We list here some speed benchmarks of double-odd curves.
Double-Odd Jacobi Quartics
The main implementation for jq255e and jq255s are in Rust, as part of
the crrl library; since that library
also implements Ed25519, this allows comparing the relative performance
of the curves. On an Intel x86 i5-8259U (Coffee Lake core), with Rust
1.59.0, compiled with the "
-C target-cpu=native" flags, the following
values are obtained (in clock cycles):
These are the measured operations:
Decode point: read 32 bytes, and decode these into a curve point. This includes validation that the point is correctly on the curve. Main operation is a square root computation (a merged square root and inversion for Ed25519).
Encode point: encode a point into 32 bytes. The point is the output of some computations, i.e. not necessarily in already normalized affine coordinates. Main operation is an inversion in the field. Note: for Ristretto255, this operation is somewhat more expensive, at about 9800 cycles.
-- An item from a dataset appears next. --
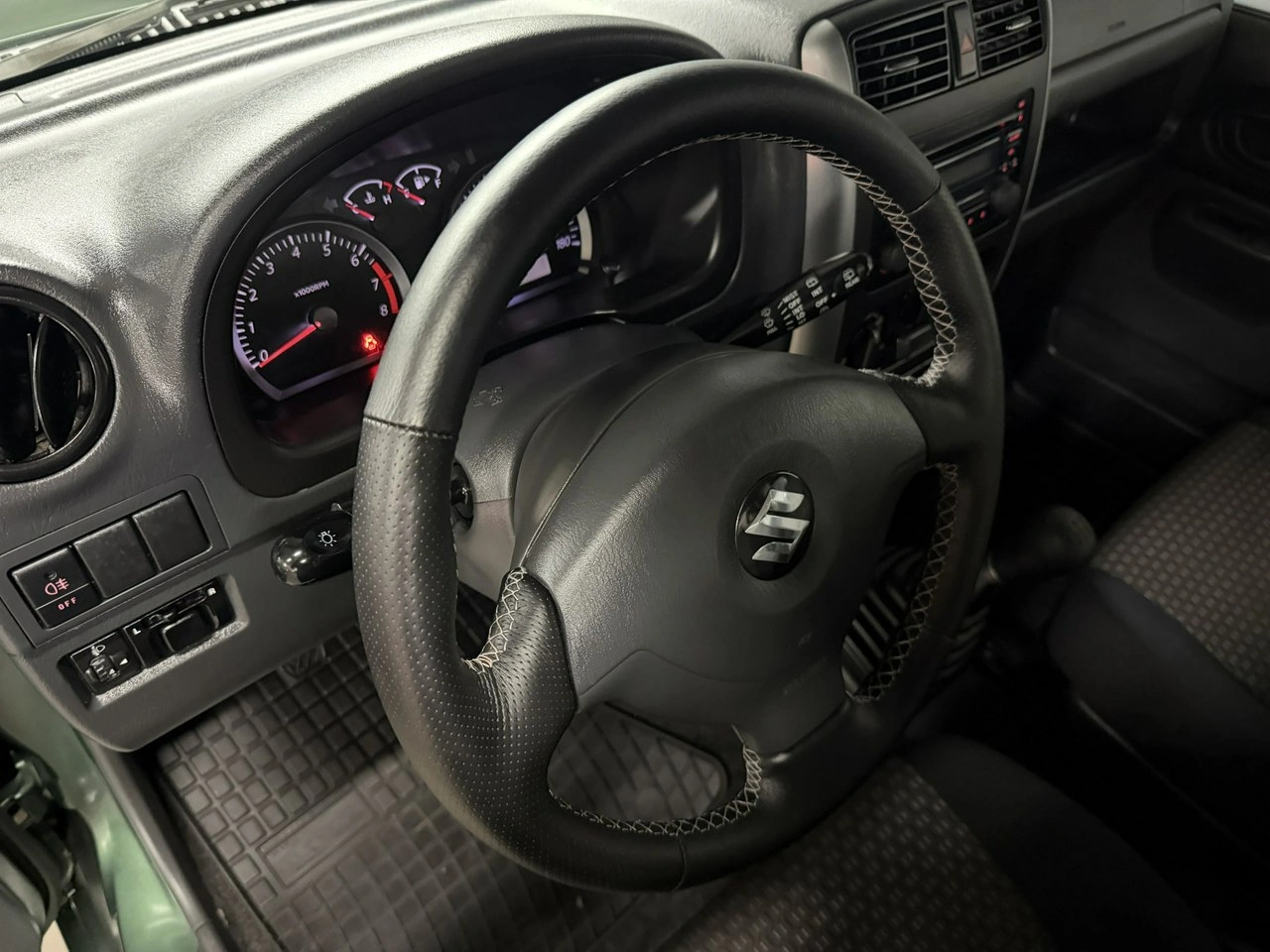 Suzuki Jimny - Zdjęcie 22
Point mul: multiply a point by a given scalar. An ECDH key exchange will primarily use this operation, as well as a point decode (on the peer's public key) and a point encode (on the resulting shared secret point).
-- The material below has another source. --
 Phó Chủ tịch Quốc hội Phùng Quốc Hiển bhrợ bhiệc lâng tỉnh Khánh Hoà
Point mulgen: multiply the conventional generator (base point) by a scalar. In all three curves, the implementation uses four precomputed tables, each containing 16 points in extended affine coordinates, for a total of 6144 bytes. Some minor speed-ups could be achieved with more or larger tables.
Sign: sign some data. This assumes that the signer's private key has already been loaded in RAM, along with the encoding of the signer's public key (if not stored along, then the public key can be recomputed from the private key, at the cost of one mulgen and one encode operations).
Verify: verify a signature. This assumes that the signer's public key has already been decoded into a point; add the cost of a point decode operation to get the total verification cost using a 32-byte-encoded public key.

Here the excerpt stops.